Of course the LRP and ISL would argue that they oppose Stalinism, New Leftism and Pabloism. They would argue that they don’t write off the US working class or the working class of the advanced capitalist countries, and that their analysis is specific to the Israeli working class. But they also tend to reduce what is, ultimately, a self-destructive Jewish support to Zionism to questions of economic privilege (in the process being somewhat blind to other involved factors such as historical traumatization due to past oppression and the horrors of the holocaust, fears of Arab national retribution, despair over internationalist solidarity arising out of the history of Stalinist betrayals etc.). But while it is true that the Israeli working class is significantly privileged relative to the Palestinians, the US working class in turn is significantly privileged relative to the Israeli working class and most of the rest of the world for that matter. In an article written in one of his many earlier political incarnations, Comrade Shwatrz correctly noted

“It is possible of course to blame the Jewish working class, to maintain that it was in the interests of the workers to serve Zionism. But we maintain that the Jewish working class, as with all other parts of the world working class, has but one interest: proletarian revolution.

“On the First Arab-Israel War”

Workers Vanguard #35 4, January 1974

Rather than reducing Jewish support to Zionism due to privilege (which of course is indeed one, but only one, of the factors), his article echoed Trotsky’s assertion in the Transitional Program that in the final analysis “The historical crisis of mankind is reduced to the crisis of the revolutionary leadership.”

“The explanation for the Zionist control does not lie in the interests of the Jewish working class but in its organizational position-its lack of any weapons or independent struggles. And the responsibility for this situation rests with the Communist Party.

A rejection, of course from a somewhat very different pov and in different degrees, of Lenin and Trotsky’s stress on the centrality of revolutionary leadership, the “party question”, is indeed one of the elements the LRP and ISL share with the Pabloites. The LRP and ISL both reject explicitely Lenin’s argument in What Is To Be Done that revolutionary/Marxist consciousness must struggled for within the working class against against the multitiude of existing false/bourgeois consciousness through the medium of a vanguard party. The contemporary neo-economists/ workerists prefer to sugarcoat reality in favor of an admittedly more consoling image of a spontaneously revolutionary working class chomping at the bit. Sugarcoating the tragic reality of the Israeli Jewish workers present backwards consciousness is of course significantly harder to accomplish (not to mention getting in the way of opportunistically adapting to what is currently a certainly more receptive but still nationalist and non-Marxist Arab consciousness). But one of the factors behind the necessity of a revolutionary party arises precisely from the fact that the struggles of various strata of the oppressed masses tend to be sectional (whether going on strike against your particular employer, organizing against racist police brutality in your community, in general engaging in struggles against your own immediate groups oppression etc.) and it’s political consciousness and understanding therefore tends to be sectional, reflecting their most immediate, as opposed to historic, internationalist, political-class interests.

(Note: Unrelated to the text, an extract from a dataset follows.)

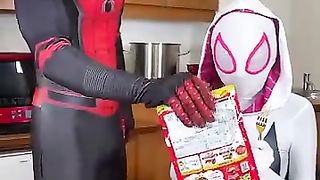 Spider-Man_funny_video_????????????___SPIDER-MAN_Best_TikTok_February_2023_Part221_#shorts_#sigmameme(360p).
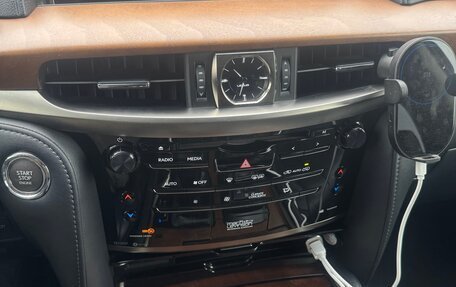 Lexus LX III, 2016 год, 4 800 000 рублей, 4 фотография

Uniting the struggles of the varied sections of the working class (nationally and internationally) and oppressed is the job of a revolutionary party, instilling the understanding of their common interests in striking at the capitalist root of all their oppression.  This necessary theoretical understanding of the workings of capitalist society and the necessary means of overthowing it (the central theme of What Is To Be Done is that there can be no revolutionary movement without revolutionary (that is Marxist), theory) does not indeed arise spontaneously.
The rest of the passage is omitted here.